If you are over 60, you can take the class through the ACCESS program for a very nominal charge (something like $15).   Last year I had over 125 folks do so.

So if you are a UW student looking to learn about weather or a non-student interested in the topic, I welcome you to join me this fall.  My first class is on September 29th.


  1. Have your climate models been validated? Do they match the 40-ish years of satellite data? Unless they've been validated against data, they're useless for predictions.

    Boeing's flight models are always validated against flight test data. Unvalidated models are used only for predicting safe-to-fly predictions and predicting what to expect when executing flight test conditions. No one would ever rely upon them for in-service flights.

  2. I'm so glad that climate change is a hoax with no need for populations to change habits or consumption of fossil fuels. Was kinda scared there for a while.

    1. Stani. You are wrong about this. We need to work to reduce greenhouse gas emissions and move towards renewable energy sources.

    2. I think Stani was being facetious. Just a feeling I get.

      But I hope that that first storm isn't going to be rain-shadowed here in the North End. That first map in the last blog shows a rainshadow, and my other sources are backing off on the promise of rain. It's tough to flip that switch! We need a soaking...

    3. The so-called renewable energy sources can't be created without using copper wire. The Copper wire used must be virgin wire, not recycled, and requires the mining and refining of copper ore using gigantic trucks (diesel), explosives (diesel/ammonia), smelting (coal), sulfuric acid and electrolysis.

      As for the CO2 global warming hypothesis: FAIL. There's poor correlation between CO2 concentration and temperature. It's been warmer in the past then it is now. During the Medieval Warm Period, the Vikings were settling Greenland, they left after the end of the MWP when it became to cold to farm and the glaciers started advancing.

      The Roman Warm Period was warmer than the MWP. Civilization flourished until it grew cold and the barbarians came down from northern Europe. The Minoan Warm Period was warmer the the RWP. The civilizations fell after it grew cold again and the Sea Peoples invaded the Mediterranean.

      The absorption physics of CO2 show that CO2 is absorbing 87% of the available radiation. Doubling CO2 concentration to 800ppm will have little effect on temperature.
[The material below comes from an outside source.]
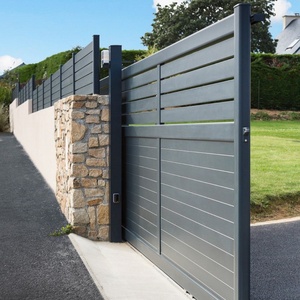 Cancello Scorrevole Moderno in Alluminio da 6 Piedi per Ingresso Carrabile, Kit di Montaggio, Accessori, Traliccio Esterno, Recinzione Orizzontale a Doghe per la Privacy - Product Image 3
      The Earth's climate responds to ocean energy transport and to the effect of the Sun on the stratosphere. When the Sun is active, Ozone in the stratosphere energizes the jet stream and restricts heat transport to the poles, causing the Earth to warm. When the Sun is inactive, the jet stream is weak and is wavy, rather than straight. Heat transport to the poles is enhanced and the Earth cools.

    4. Mike, copper, like any other element, can be recycled indefinitely, without loss of quality as long as the chemistry is done properly. I spent the beginning of my career in electrochemistry.

  3. It looks to me like this dry spell is far from over, this 1/4 inch of potential rain coming is not enough to even penetrate 1inch in the ground and if you were to dig under tree canopy it would be zero, calling for 80's and high to mid 70's as far as the eye can later this week

  4. In some of these time series, there are a considerably large number of missing days. For instance, at Kent, there are 48 missing days in the summer of 1918 , 17 in 1920, 59 in 1920, 4and 7 in 1922. In the 1920s, 1938 is missing 10 days, 1939, 35 days, and 1940 61 days. I haven't bothered to look at the other sites.

  5. Obviously the very dry summer was mostly natural variability. However it is worth noting that measured as a percentage Kent summer precipitation has decreased by about 15 percent over the past 110 years. I think that is a significant trend.